Kelahiran IPNU bermula dari adanya jamiyah lokal atau kedaerahan yang berupa kumpulan pelajar, sekolah, dan pesantren yang semula dikelola oleh para Ulama. Di Surabaya didirikan Tsamrotul Mustafidin (1936). Selanjutnya Persatuan Santri Nahdlatul Oelama atau PERSANO (1939). Di Malang (1941) lahir Persatuan Murid Nahdlatoel Oelama (PAMNO). 

Dan pada saat itu banyak para pelajar yang ikut pergerakan melawan penjajah. Pada tahun 1945 terbentuk Ikatan Murid Nahdlatoel Oelama (IMNO). Di Madura (1945) Ijtimauth Tholabiah dan Syubbanul Muslim, kesemuanya itu juga ikut berjuang melawan penjajah dengan gigih.
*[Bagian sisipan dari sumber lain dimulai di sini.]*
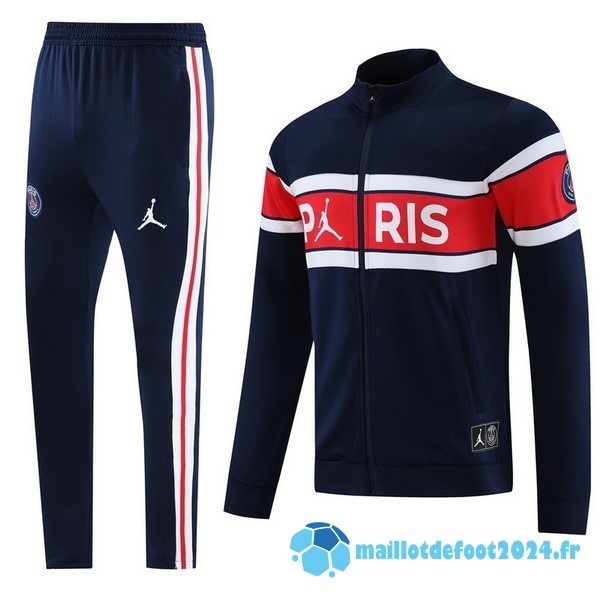 Nouveau Ensemble Complet Ensemble Complet longue fermeture éclair vêtements De Sport Paris Saint Germain 2023 2024 Bleu Rouge Blanc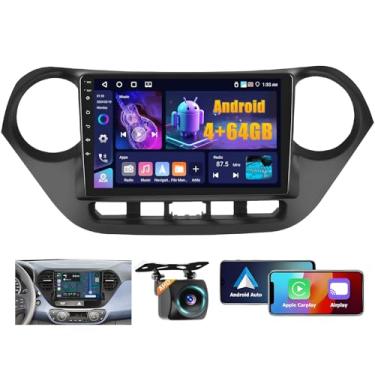 Imagem de Fuluku 【4 núcleos 4 + 64 GB】 para Hyundai I10 2014-2017 estéreo automotivo com Android Auto, rádio com tela sensível ao toque 1080p Bluetooth/FM/SWC/câmera de backup com link espelhado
Di Semarang (1950) berdiri Ikatan Moeballigh Nahdlatoel Oelama dengan anggota yang masih remaja. sedangkan 1953 di Kediri berdiri Ikatan Pelajar Nahdlatoel Oelama. Pada tahun 1954 di Medan berdiri Ikatan Pelajar Nahdlatoel Oelama (IPNO). Dari sekian banyaknya nama yang mendekati adalah IPNO yang lahir di Medan pada tahun 1954.

2. Periode Pendirian

Gagasan untuk menyatukan langkah dan nama perkumpulan diusulkan dalam onferensi Besar LP. Maarif pada 20 Jumadil Tsani 1372 H yang bertepatan 24 Februari 1954 M di Semarang. Usulan ini dipelopori oleh Pelajar Yogyakarta, Solo, dan Semarang yang terdiri dari Sofyan Cholil (mahasiswa UGM), H. Mustofa (Solo), Abdul Ghoni dan Farida Achmad (Semarang), Maskup dan M. Tholchah Mansur (Malang). Dengan suara bulat dan mufakat, dilahirkanlah organisasi yang bernama Ikatan Pelajar Nahdlatul Ulama (IPNU) dengan ketuanya yang pertama, M. Tholchah Mansur.
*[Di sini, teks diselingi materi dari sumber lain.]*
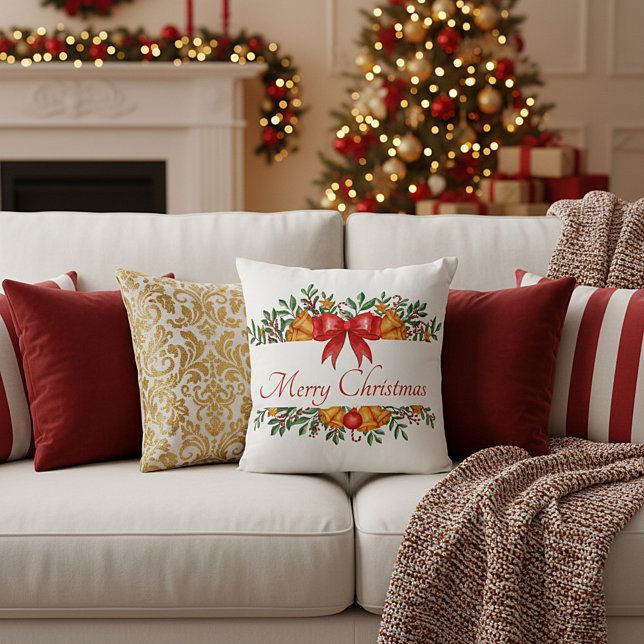 Pretty holiday banner custom cushion (Creator Uploaded)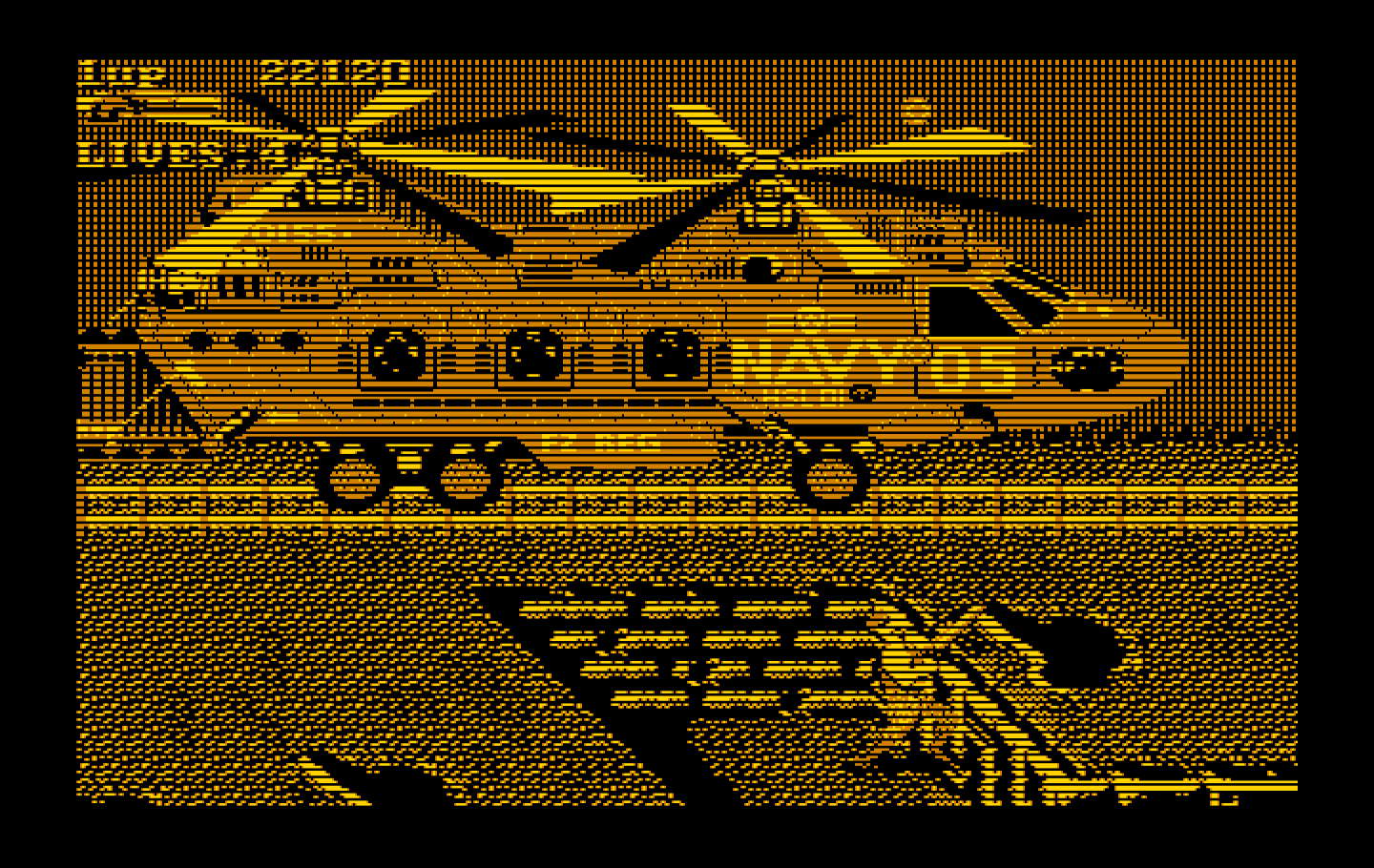 Super Contra IBM PC/Compatibles Screenshot: A very large helicopter arrives...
Pada tanggal 30 April – 1 Mei 1954 IPNU menggelar Konferensi Segilima di Solo. Konferensi ini dihadiri oleh pelajar perwakilan ddari Yogyakarta, Semarang, Solo, Jombang, dan Kediri. Kenferensi tersebut berhasil merumuskan asas organisasi, yaitu Ahlussunnah Wal Jamaah, dan tujuan organisasi, yaitu mengemban risalah islamiyah, mendorong kualitas pendidikan, dan mengkonsolidir pelajar. Dalam konferensi ini juga menetapkan M. Tholchah Mansur sebagai ketua umum IPNU pertama. Selain itu konferensi ini juga menetapkan PD/PRT dan berusaha untuk mendapatkan legitimasi/pengakuan secara formal dari NU.

3. Periode Pertumbuhan dan Perkembangan

Dalam periode ini, terjadi pelbagai perubhan arah dan orientasi perjuangan, serta nomenklatur IPNU yang dilatarbelakangi oleh realitas sosial-politik-keagamaan di dalam rentang masa tertentu. Setidaknya terjadi tiga arus besar fase perubahan IPNU, yaitu: 1) Fase Khittah 1954, 2) Fase Transisi, dan 3) Fase Kembali Ke Khittah.
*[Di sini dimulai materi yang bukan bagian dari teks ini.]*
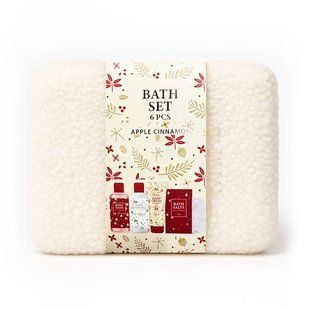 Подарочный набор Bath Set в пушистой косметичке яблоко-корица (6в1) 1698 фото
Kongkres sebagai forum tertinggi tingkat nasional layak dijadikan landasan historis dalam menjelaskan ketiga (3) fase tersebut, mengingat kongkres menjadi sebuah momentum bersejarah yang di dalamnya terdapat agenda penting organisasi, baik terkait dengan penataan landasan nilai dan ideologi, penataan kelembagaan dan kebijakan program, regenerasi struktur kepemimpinan, hingga respon terhadap realitas eksternal.

Bacalah: Tujuan Organisasi Secara Umum Serta Alasan dan Manfaat Mengikuti Organisasi di Kampus

a. Fase Khittah 1954

Fase khittah adalah fase di mana visi, orientasi perjuangan, dan bidang garap (target groups) IPNU berbasis pelajar (siswa, mahasiswa, dan santri). Karena semenjak awal berdiri, pada tahun 1954, IPNU telah menegaskan diri sebagai ujung tombak (garda terdepan) kaderisasi  NU di tingkat pelajar dan santri. Di fase ini, IPNU menghadapi situasi politik Orde Lama yang fluktuatif (ketidaktetapan; goncangan), sekaligus mengalami peralihan rezim ke Orde Baru. Walaupun demikian, fokus, garapan, dan orientasi IPNU terhadap pelajar dan ssantri tak bergeser sama sekali.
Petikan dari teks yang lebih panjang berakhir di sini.